The pin mold species is pictured here in its erect reproductive phase and, thrillingly, can sexually reproduce with itself! The doodles at the ends of the stalks are called sporangia and are basically little spore sacs.

The sight of an Amanita brings out the evolutionarily adaptive measure of Mycophobia in me!

This specimen is just “hatching” from its characteristic “egg” (universal veil or volva).

Ischnoderma resinosum is SO SQUISHY, like nature’s little stress ball, maybe they should call it Squishnoderma. That corny pun has to at least be a helpful mnemonic for remembering this ID, as it’s far squishier than other shelf mushrooms that grow around here. Pictured below bejeweled in amber goo (the “resin” in resinosum). This itty bitty little Emily Dickinson poem is quite fitting.

In early October my daughter and I found this Grifola frondosa (Hen of the Woods) as a tiny guttating newborn, about 2 cm across, likely having fruited overnight. I only knew what it was having found a huge fruiting growing in the same unusual spot last year.

We began popping in on the mushroom unannounced like nosy neighbors, every few days, watching this baby grow and grow and grow. We observed many milestones, including the very cool “creepy brain stage” pictured below, and finally harvested toward the end of October, cooking “steaks,” “bacon,” and more.

There was and continues to be a lot of invisible life cycling going on for this organism that we can’t behold with a camera. Observing this evolution together over weeks was a very special experience for my daughter and I to share.
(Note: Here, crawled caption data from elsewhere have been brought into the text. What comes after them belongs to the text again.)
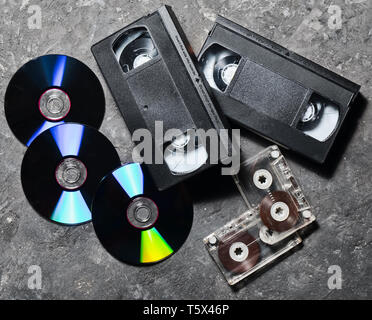 Unterhaltung und Medien Technologie aus den 90er Jahren. Cds, Audiokassetten, Videokassetten auf einem schwarzen Betonoberfläche. Ansicht von oben. Pop Licht. Stockfoto
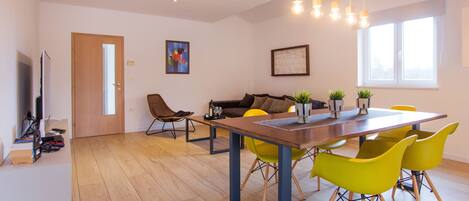 A modern living room with a sofa, a dining table with chairs, and a TV.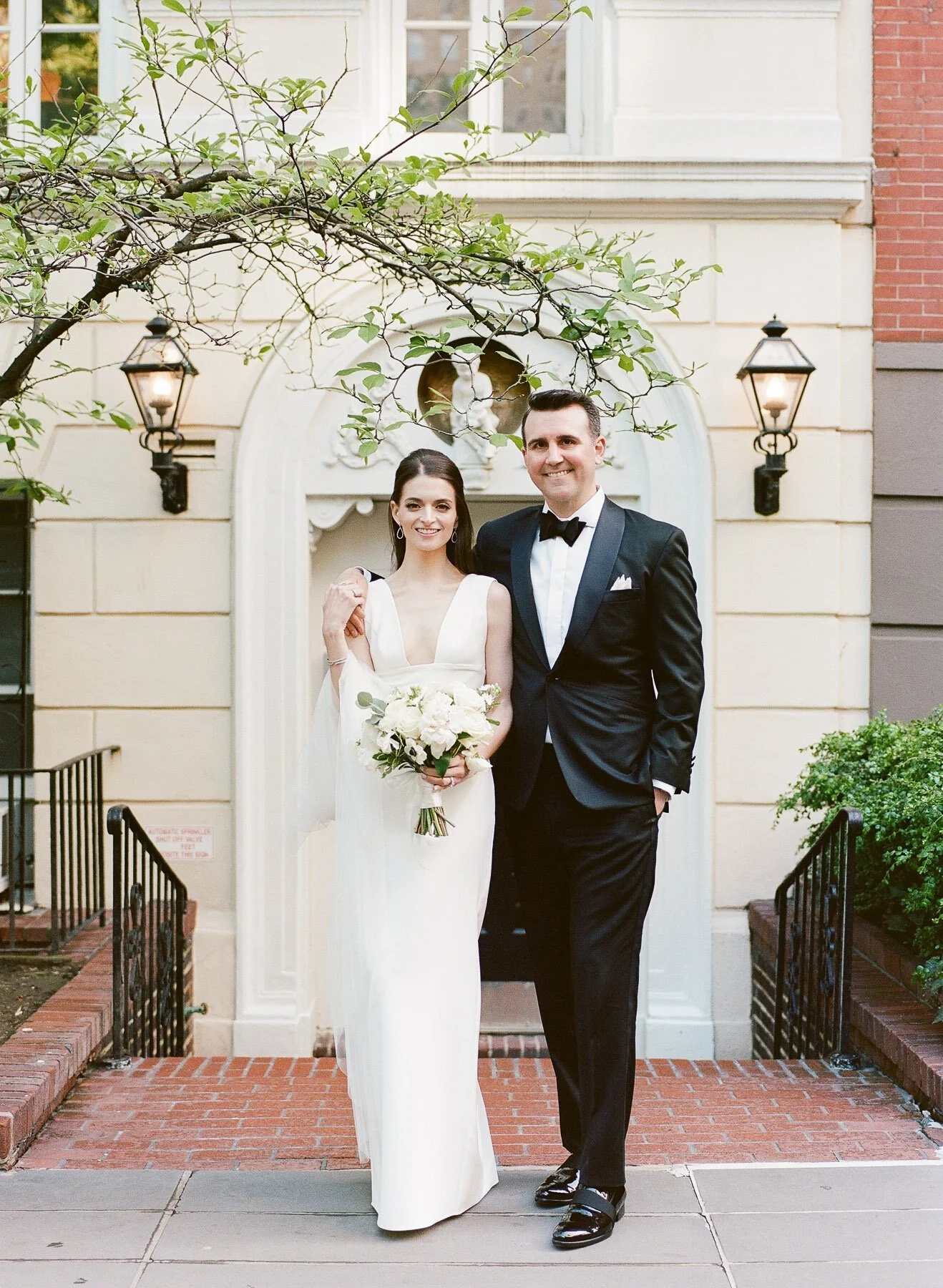 Gramercy Park wedding photos featuring Sarah Seven wedding dress and Tom James Tux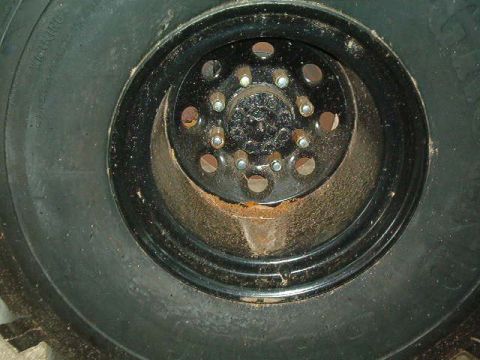 1979 Ford Bronco - A close-up view of a vehicle's wheel and tire, showing the lug nuts and rim details.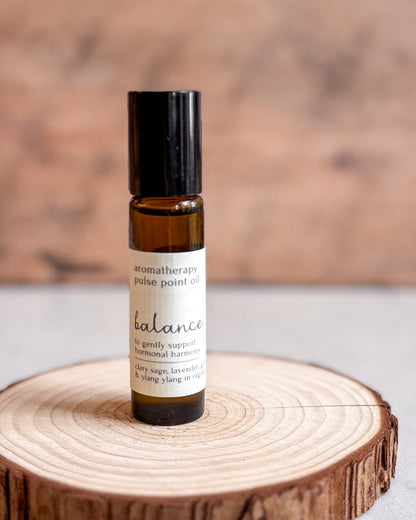 Roll-on bottle of aromatherapy pulse point oil labeled &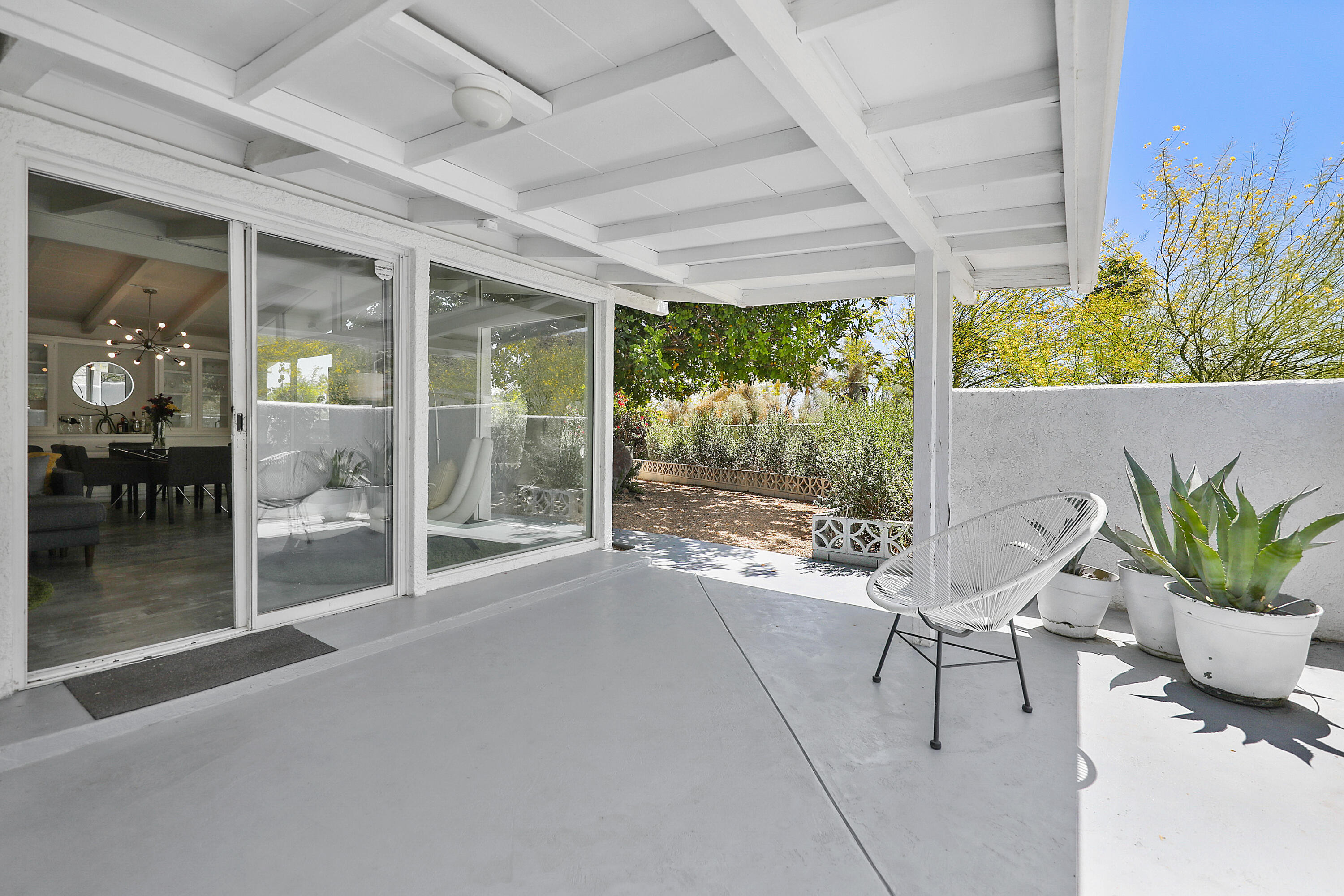 71767 Tunis Road Rancho Mirage, CA 92270 - Photo 19 of 30 a view of a porch with chairs and potted plants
Those interested in viewing more of the timeline are welcome to visit iowa.underfoot on instagram. Hen of the Woods is also known as Maitake, or “dancing mushroom.”

Pholiota polychroa. I often find the yellow/tawny species in this genus, but this was my first purple! So impressed by anything purple in the forest. The great blue lobelia and purple asters were still blooming at this site as well, so funky relative to the browns and greens of a fall forest on a cloudy day.
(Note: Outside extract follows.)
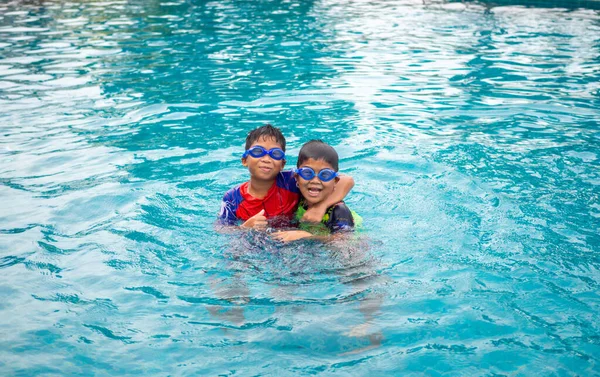 Brothers Wear Swimsuit Goggles Smile Enjoy Playing Water Blue Pool —  Fotos de Stock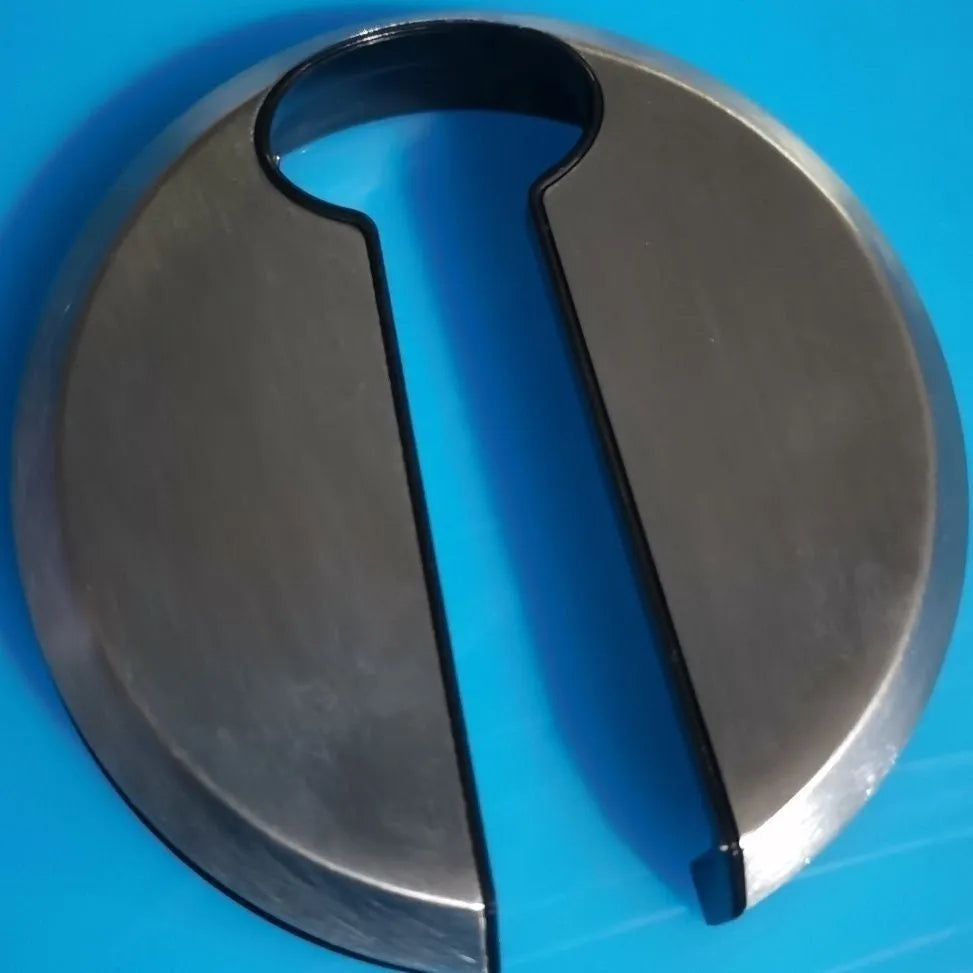 Stainless steel kitchen tool with combined wine bottle opener and foil cutter.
This little Hericium coralloides (Coral Tooth Fungus) is another specimen I visited several times. Seen in two phases of growth below. Though this mushroom is edible, it was way to pretty to pick when I came back for it.
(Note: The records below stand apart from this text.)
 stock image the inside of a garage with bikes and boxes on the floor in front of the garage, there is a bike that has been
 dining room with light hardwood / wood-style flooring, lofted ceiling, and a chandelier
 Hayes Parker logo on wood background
I left it behind to be glorious and instead found its more familiar cousin Lion’s Mane (Hericium erinaceus), cultivated by Midwest Mushrooms Co. (based in Hiawatha, that weekend at a coop and cooked Hericium “steak” and eggs to get a sense of the flavor and texture, though I’m not sure how the two species differ in taste.

“Stinging flowers eating a poison Amanita and mama and grandma exploring and climbing,” by Lilou, age 3. So astonished she invented a trippy new Mycoheterotroph–a plant that eats by parasitizing fungus, like Ghost Pipe.

“Old tree stump with a little mushroom inside … and bunny ears,” by Lilou, age 3.

Editor’s note: Eileen Miller shared a dozen of her photos of Iowa mushrooms in this Bleeding Heartland post from 2014.

About the Author(s)

EMarilla

  • These photos are great.

    Thank you.

    My yard in this very dry year nurtured the largest fungal growths I’ve ever seen here. I don’t know their names, though. And unlike yours, they weren’t so easy on the eyes. I still let ’em do their thing, though. (As if I could stop it…Ha! Most of their being, I’m sure was unseen, underground.)

    Entangled Life (book), Fantastic Fungi (film) are worthy for couch time.

  • Gorgeous photos

    I really enjoyed seeing them. Thanks, and more thanks for all the information!

    Unfortunately, the most recent Iowa fungi news I’ve read is about the invasive Chinese oyster mushroom that is rapidly spreading in Iowa, and according to at least one report, may pose a threat to native mushrooms. When it comes to new invasive exotic species, we keep making the same mistakes over and over.

    I would very much like to look at the Iowa mushroom website, but I don’t want to join Facebook. If the website ever moves off Facebook, I’ll appreciate the opportunity to do some exploring.

  • Informative and Fun

    Thanks for this very fine post–enjoyed your photos, some of most unusual fungi. Appreciate the inclusion of info on the mushroom group. Fully agree–great admins on the Iowa Mushroom FB group.